One of the most meaningful workshops I went to, was accidental. I had heard from one of my classmates that an essayist was going to be in a room upstairs and across campus, when I had gotten there, a small sign on the door told me she was moved downstairs and back across campus. With two minutes left to get in a class and me, being a small anxious 9th grader, didn’t want to walk into a workshop late, have everybody’s eyes on me and leave a bad first impression. So, I turned around to the next door, hoping that there was a workshop going on in there. It was Teri Grimm’s workshop, a local poet, who I hadn’t paid any attention to before that very moment.
Much of the workshop consisted of us, me and the other people in the room, picking a small stone from a bag, with our eyes closed.
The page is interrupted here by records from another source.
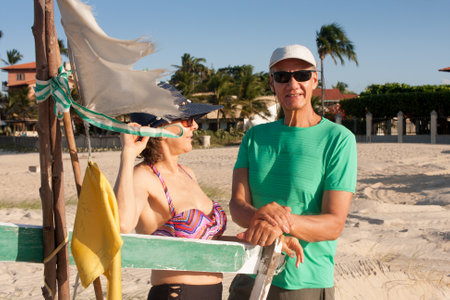 Mature couple at the beach in Combuco, Brazil, leaning against a small fishing boatの写真素材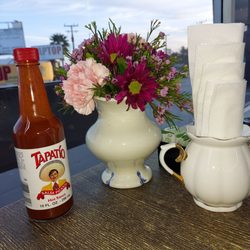 Coffee Time - Table Decore Fresh Flowers My Breakfast was so good!!!! The Freshly Brewed tea was beyond .Our waitress was so  Accommodating!!!!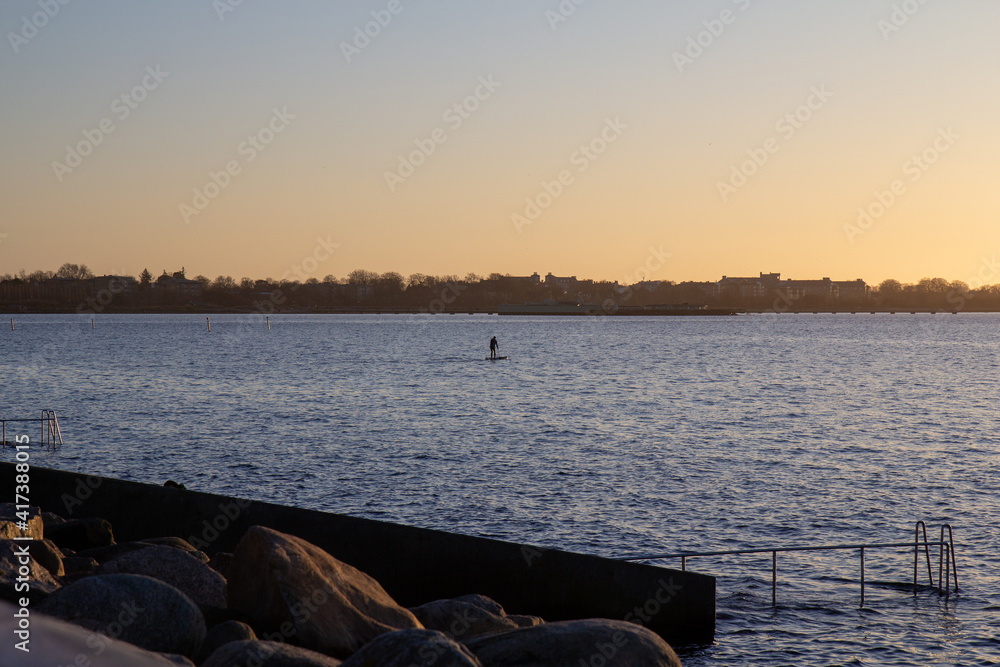 Man standing and dong paddle boarding on the sea outside Malmö Sweden during cold winter evening Man standing and dong paddle boarding on the sea outside Malmö Sweden during cold winter evening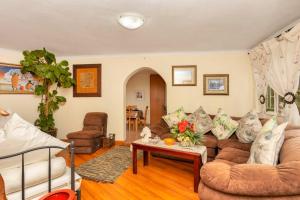 Cottage on Pipers في Sandton: غرفة معيشة بها أريكة وطاولة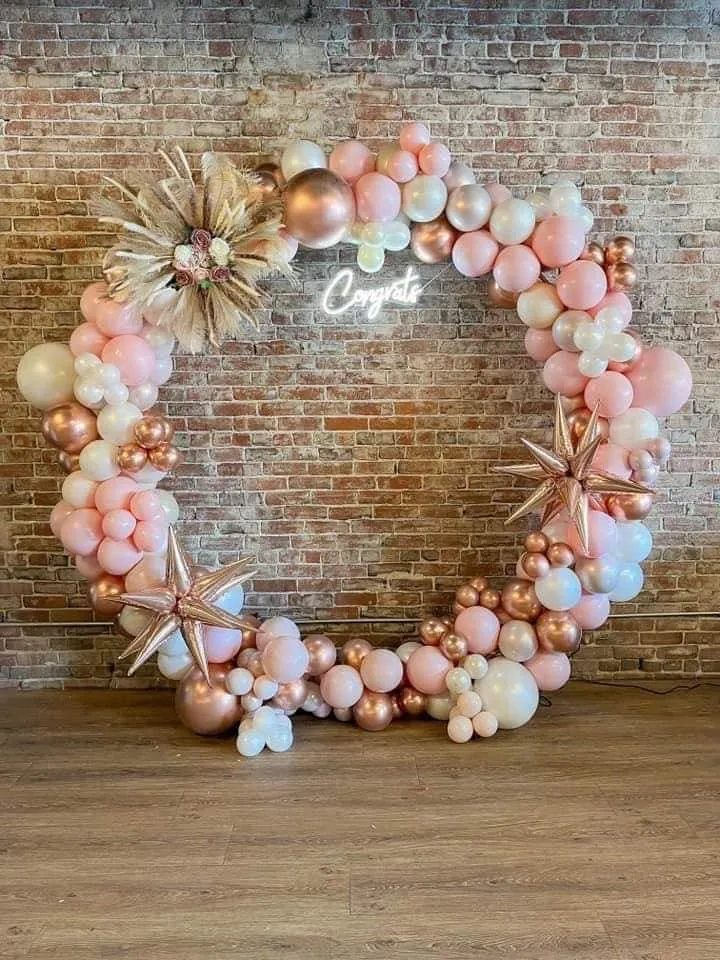 Blush, white and rose gold balloon hoop with a neon Congrats sign against a brick wall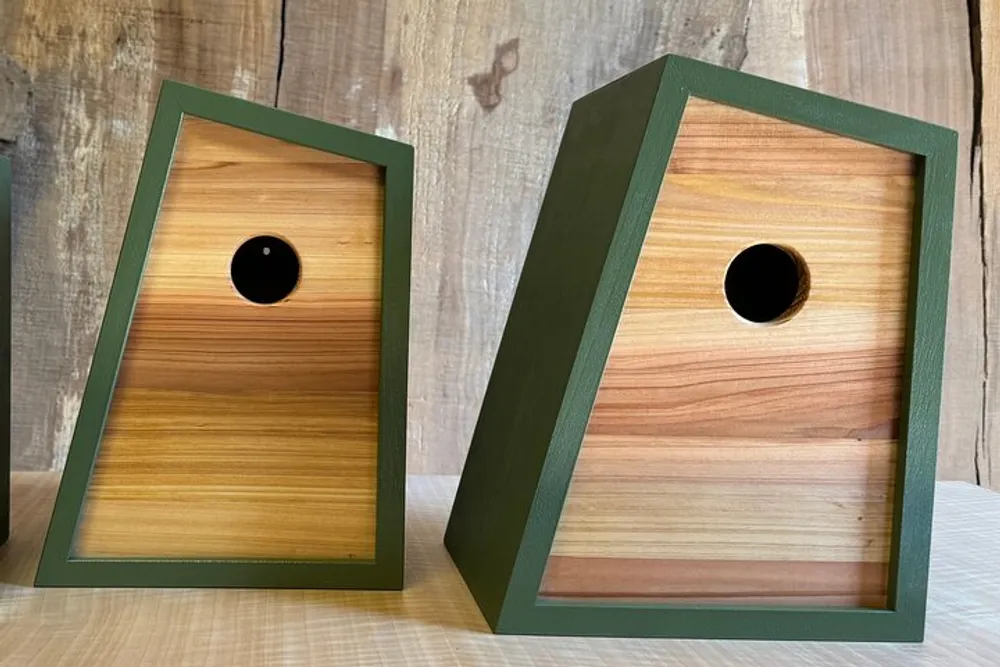 Two wooden birdhouses with green frames and contrasting natural-toned panels are displayed against a rustic wooden backdrop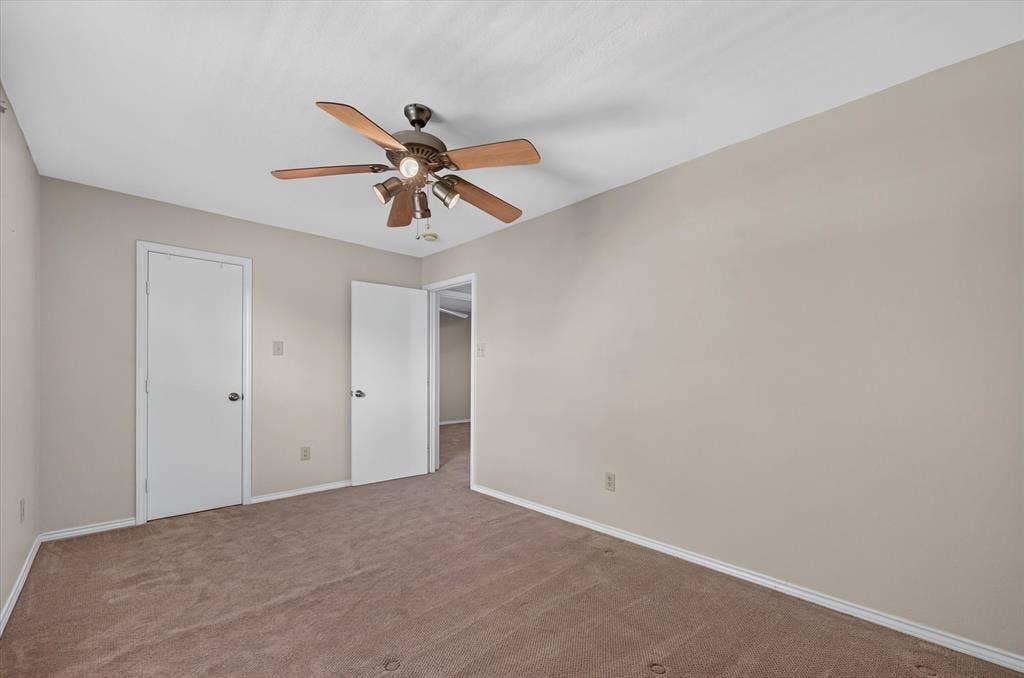 One of two upstairs bedrooms that has a ceiling fan, a walk in closet and upgraded carpet.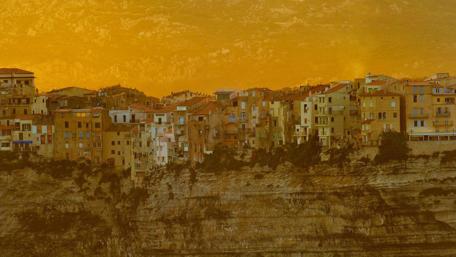 Golden Cityscape Overlooking Rocky Terrain wallpaper
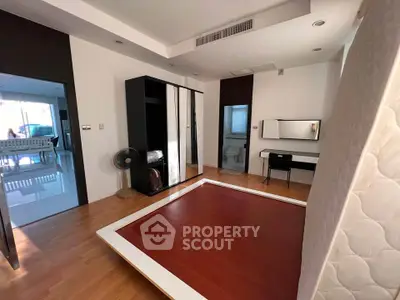 Spacious bedroom with modern design and ample natural light, featuring a sleek wardrobe and stylish vanity.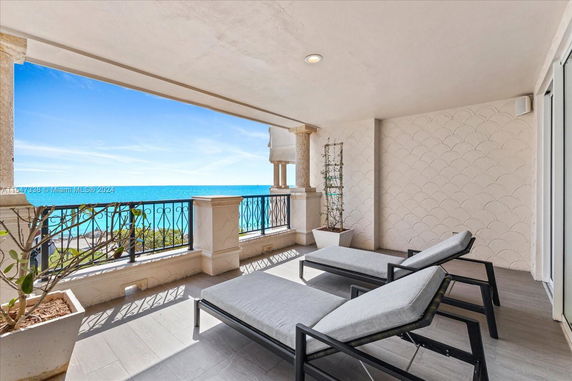 Balcony with lounge chairs and ornate railing, overlooking the ocean.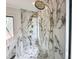 Close-up of marble shower area with dual shower heads and detailed tile work at 7208 Tanbark Way, Raleigh, NC 27615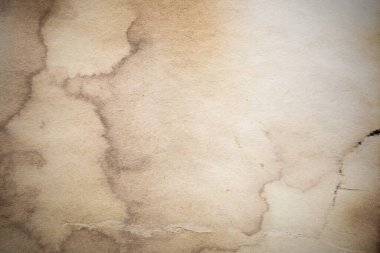 Eski kağıt çarşaf. Toz ve kirli lekelerle dolu boş bir arka plan. Eski ve antika sanat konsepti. Ayrıntılı yakın çekim stüdyo çekimi. Ön manzara. Ayarlanmış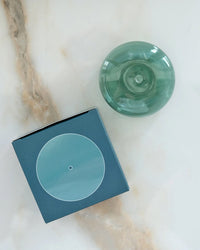 A round teal Bubble Glass Incense Holder by BOTANICA and a matching blue box with a white circle on the lid rest on marble with beige and tan veining.
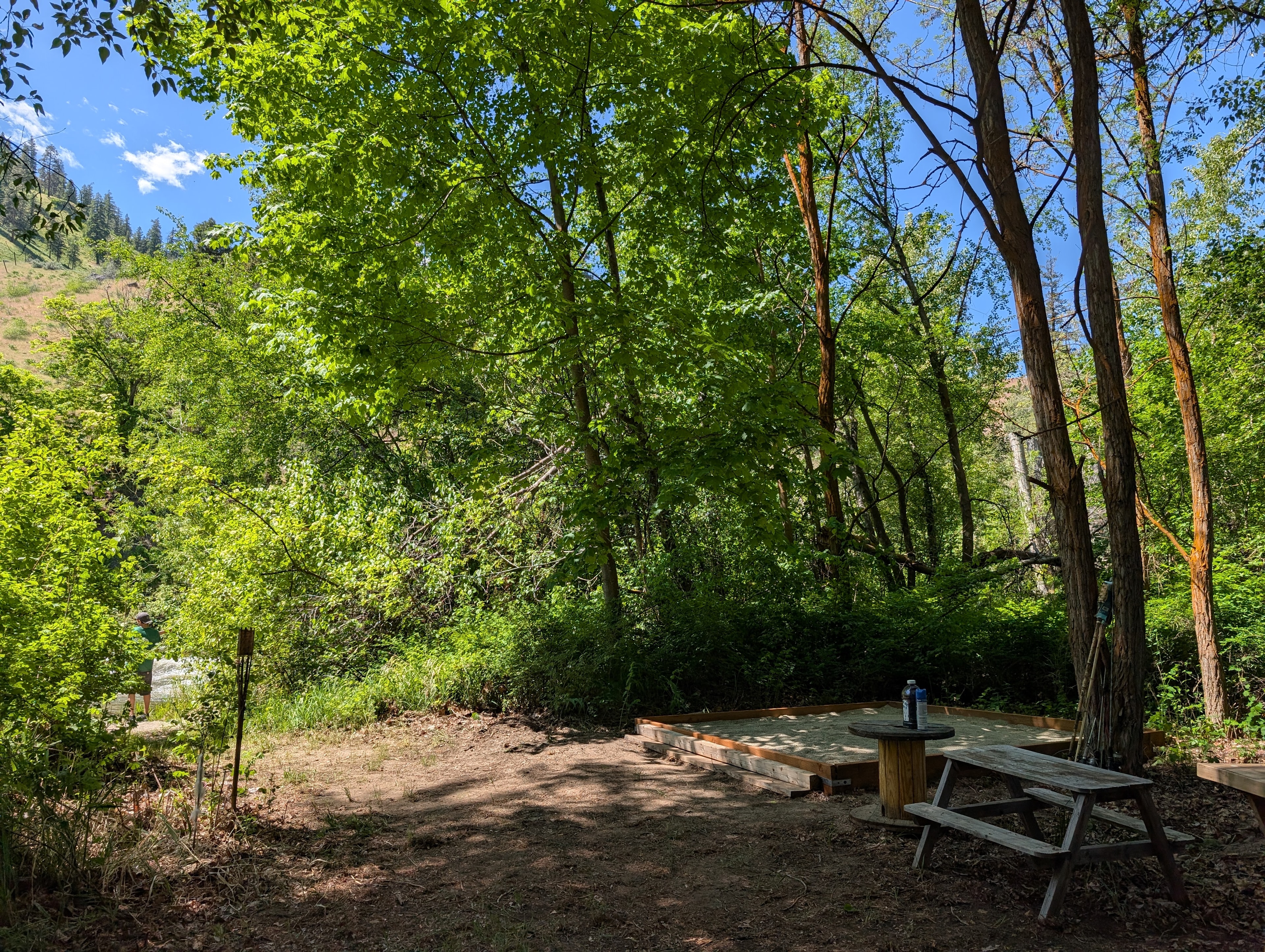 This is the site with a bench and sand area for soft ground. 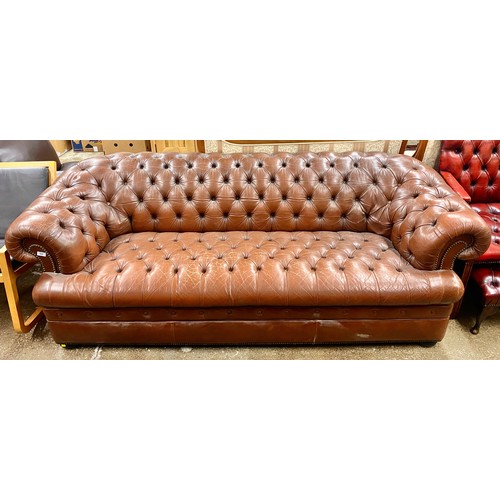 504 - Brown leather Chesterfield settee; 226cm long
And then, with our eyes still closed, we wrote how the stone felt; the stone I was holding was small, no bigger than the pit of a peach, but it was fairly heavy, like a few quarters in my hand, and it was smooth and very cold, I tried to warm it up between my palms. Then, she wanted us to open our eyes and write what it didn’t obviously look like, mine was grey in an obvious way, but if you were to look closely there were streaks of whites and somewhat purple colors, to me it looked like the rolling clouds of a thunderstorm, or a water cup murky from paint, less pretty but more accurate.
The workshop could be described as ‘odd’, but it could also be described as ‘supercalifragilisticexpialidocious’; before going to the workshop I didn’t realize how important it was to focus your detail and attention on other sensory details, rather than what is obviously being seen, that a whole world isn’t really created without smell, taste, touch, and sound. If you give the reader, or even yourself as the writer, only what you see, you only paint a picture, something they can look at, they are never really there with you without being able to hear what you hear, and how you hear it.